= Yangyue =

Tribe of the Yue people

The Yangyue (揚越 (yángyuè)) were a tribe of the Yue people, one of the ancient peoples that inhabited in what is now modern South China. According to Chinese historical and classical texts, the earliest description about the Yangyue appeared during the Warring States period. The commonly accepted hypothesis is that they were a tribe of the ancient Yue people who originally lived in the Yang Province (Yang Zhou), one of the ancient Nine Provinces (Jiu Zhou); because of this, the tribe was called “Yangyue”, meaning the Yue people from the Yang Province.

During the Warring States period, after the Yue Kingdom was destroyed, the Yangyue and the Baiyue grew in influence. Depending on the period, the term may not necessarily refer to the same group of people. The modern-day Zhejiang province is the core area of the ancient Yang Province, which also included the provinces of Fujian and Guangdong, the south of Jiangsu and Anhui, and the east of Jiangxi. Gradually, the Yue people spread to adjacent regions, into modern-day Jiangxi, the east and north of Hunan and the east of Hubei. The Yue people who settled there came to be known as the Yangyue.

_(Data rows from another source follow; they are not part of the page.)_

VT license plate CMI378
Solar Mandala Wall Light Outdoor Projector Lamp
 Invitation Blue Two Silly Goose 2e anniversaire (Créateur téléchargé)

The terrain within the regions inhabited by the Yangyue were dominated by mountains, hills, basins and river valleys. They were spread across the Yangtze River basin, including the Han, Xiang, Zi, Yuan, Li and Gan river valleys and the Dongting Lake and Poyang Lake basins. The Yangyue's lifestyle was based on agriculture, with rice being the most common crop.